The End of Yen Appreciation May Be Close
At the end of January, the Japanese yen reached a series of multi-year highs. Yet, during the last month the currency retreated by almost 11%.
Not a long time ago we were predicting that the currency would decline with the global economy recovery. But, sooner than we have expected, market conditions have changed. Although, the Japanese banking sector seems to have weathered the financial turmoil better than many other countries, the Japanese economy is deteriorating day by day. For example, the economy shrank by 12.7% annualized in Q4, industrial production fell by 31% yoy in January and retail sales and consumption were also weaker than expected. In addition, the demand for yen is declining as the exports slowdown eliminates over-hedged positions by exporters and the unwinding of yen carry trade positions seems to be over. In addition, there is also evidence that the Japanese are increasingly selling domestic equities and buying overseas bonds.
The Sterling May Not Recover Any Time Soon
Since July 2008, the British pound has slumped by more than 30% against the U.S. dollar and the Japanese yen.

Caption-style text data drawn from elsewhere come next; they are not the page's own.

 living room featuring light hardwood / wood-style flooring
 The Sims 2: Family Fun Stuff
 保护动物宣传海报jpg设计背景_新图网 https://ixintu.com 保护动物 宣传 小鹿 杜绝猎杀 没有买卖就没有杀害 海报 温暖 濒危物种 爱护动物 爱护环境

The last few years of the debt boom with soaring house prices, falling savings and a surging trade deficit brought the country to a recession not seen since the World War II. The Bank of England was forced to lower interest rates and a lower yield made the U.K less attractive place for international investors to invest. To make things even worst, recently, the current account deficit reached 5.7 per cent of gross domestic product, the highest among the Group of Seven industrialized countries, leading to an outflow of foreign currency and putting further downward pressure on sterling.
At Trading Economics we thing that the only chance for the pound to start recovering may be the restoration of confidence on British economy, but considering its current condition, it may not happen any time soon.